■ Information given ■
"""
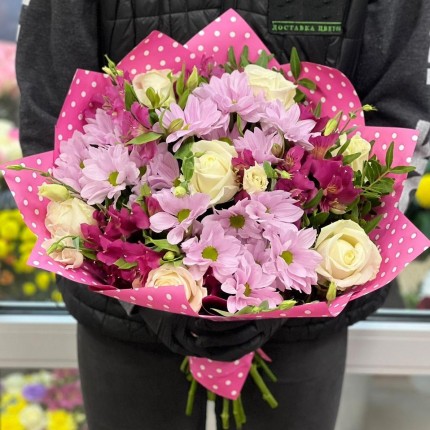 Букет "Лабиринт страсти" из роз и хризантем с доставкой в по Баксаненку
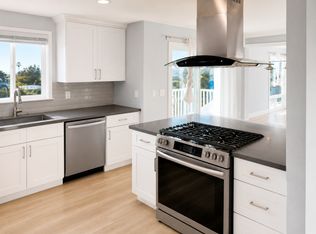 1817 11th St UNIT D, Manhattan Beach, CA 90266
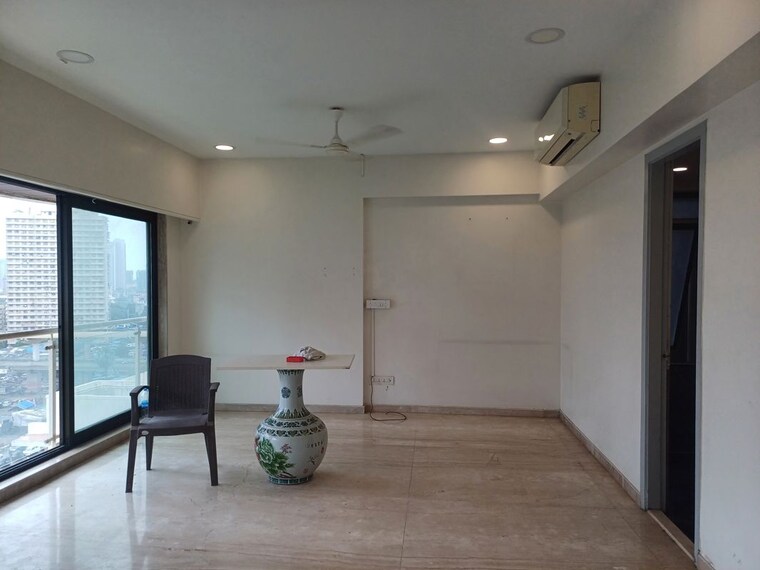 Room, dlh-sorrento 4 Bedroom 1100 Sq.Ft. Apartment In Veera Desai Road Mumbai 10586879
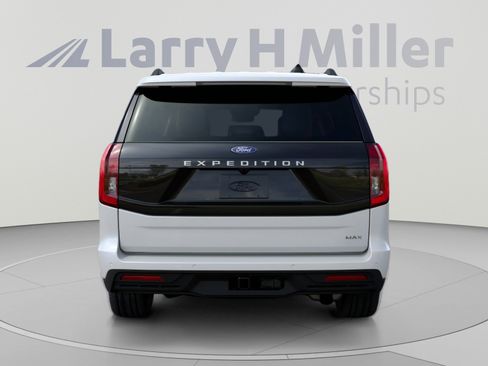 New 2027 Ford Expedition Max Active AWD/4WD image 7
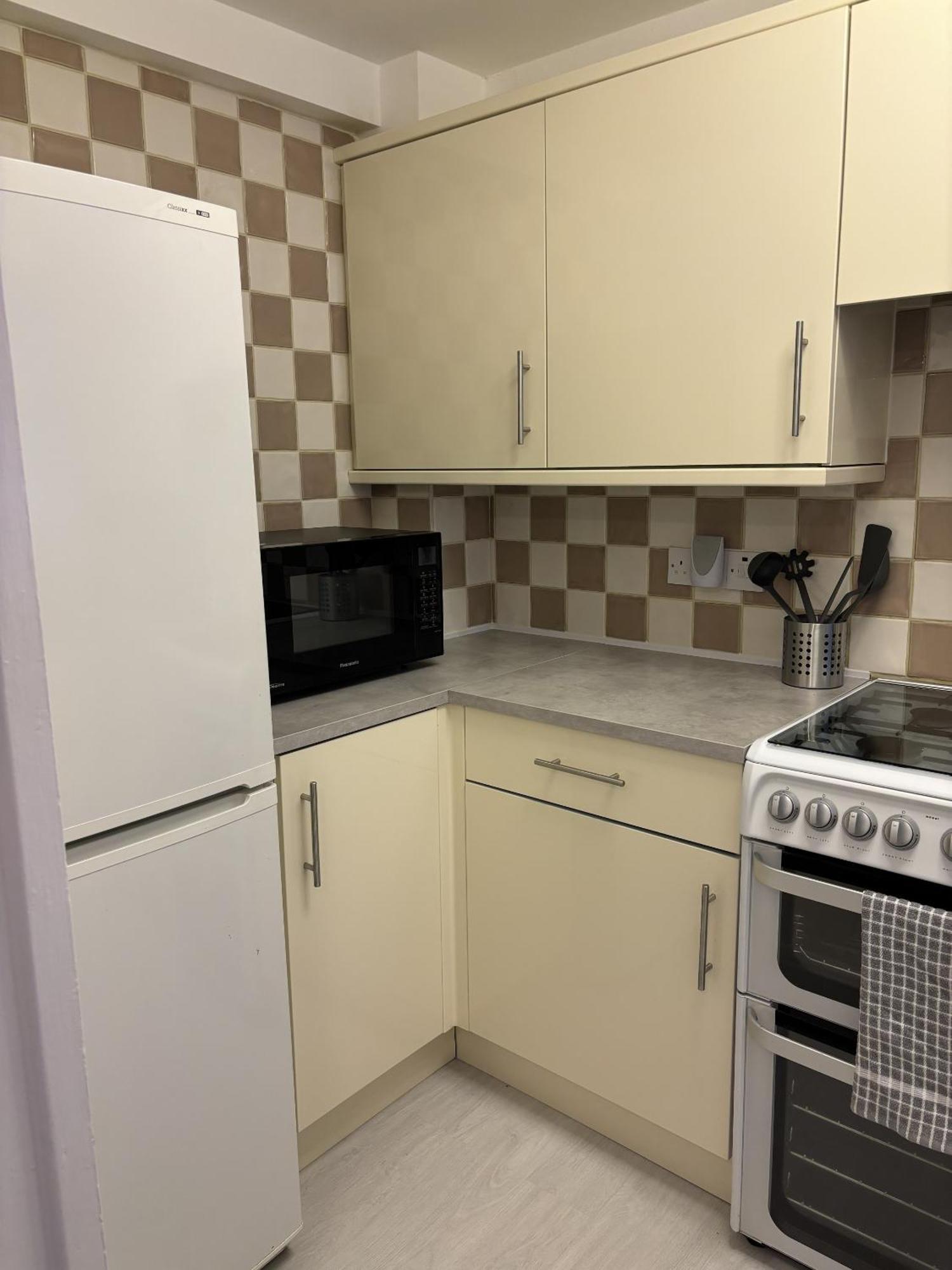 Вилла Cosy Corner - 2 Beds, Free Parking, Next To Southampton General Hospital Экстерьер фото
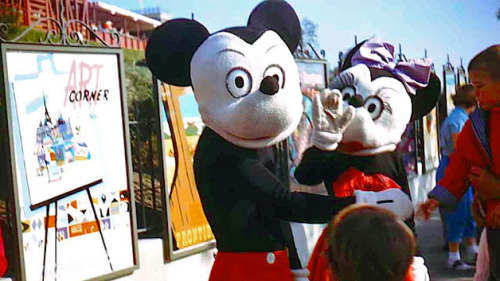 vintagedisneyblog:Frightening original Mickey & Minnie costumes at Disneyland 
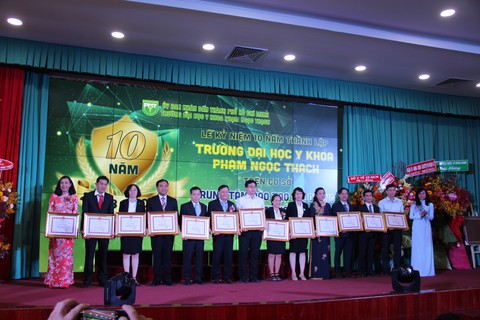 Kỉ niệm 10 năm thành lập Đại học Y khoa Phạm Ngọc Thạch - Ảnh 2. Kỉ niệm 10 năm thành lập Đại học Y khoa Phạm Ngọc Thạch - Ảnh 2.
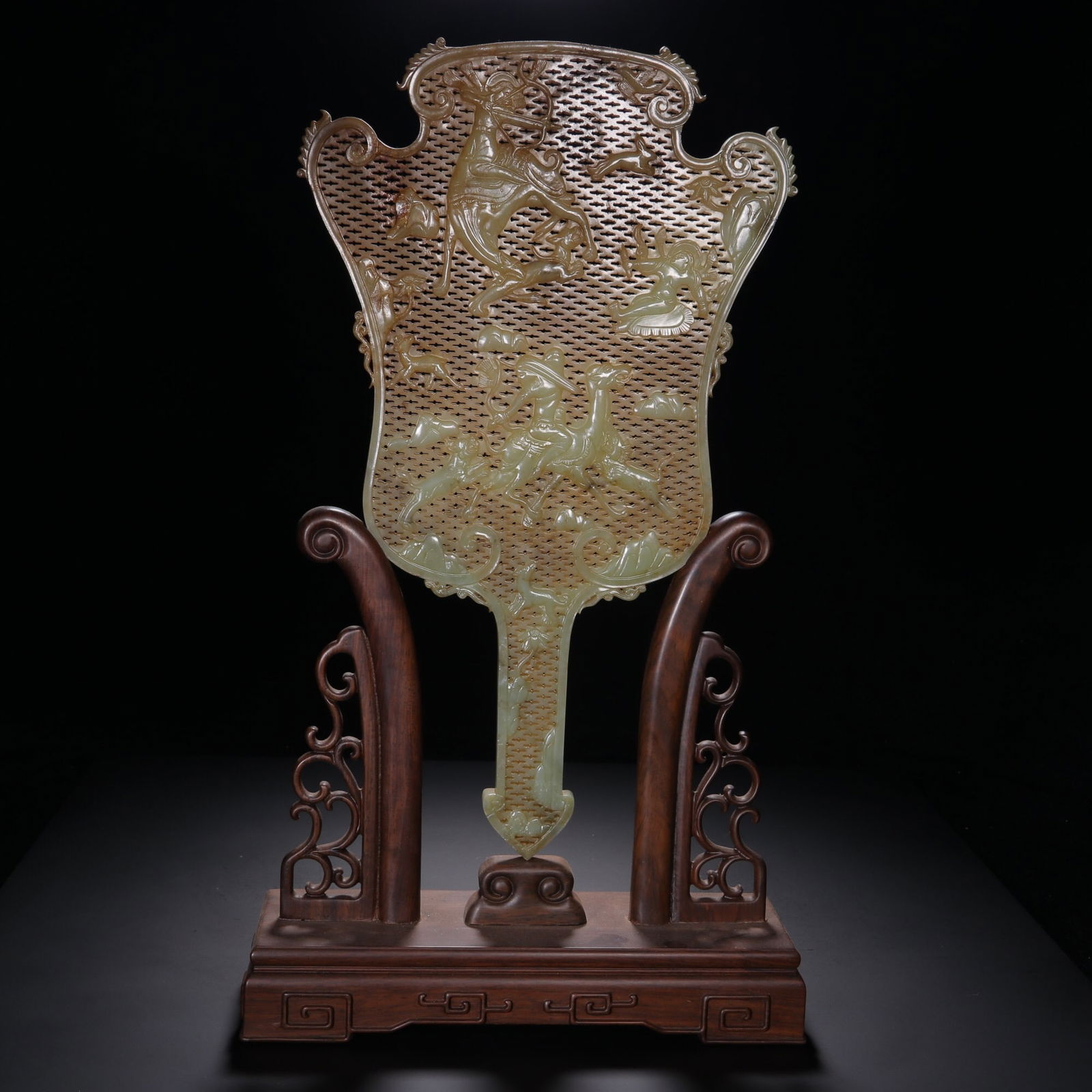 Liao and Jin Dynasty Hetian jade fan ornament: 39.5*23.5/990g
"""
The line containing "vintagedisneyblog:Frightening original Mickey" marks where the copy ends; print every line before it from the start of the records, and that line too, but no pictures.

■ Output ■
 Букет "Лабиринт страсти" из роз и хризантем с доставкой в по Баксаненку
 1817 11th St UNIT D, Manhattan Beach, CA 90266
 Room, dlh-sorrento 4 Bedroom 1100 Sq.Ft. Apartment In Veera Desai Road Mumbai 10586879
 New 2027 Ford Expedition Max Active AWD/4WD image 7
 Вилла Cosy Corner - 2 Beds, Free Parking, Next To Southampton General Hospital Экстерьер фото
 vintagedisneyblog:Frightening original Mickey & Minnie costumes at Disneyland 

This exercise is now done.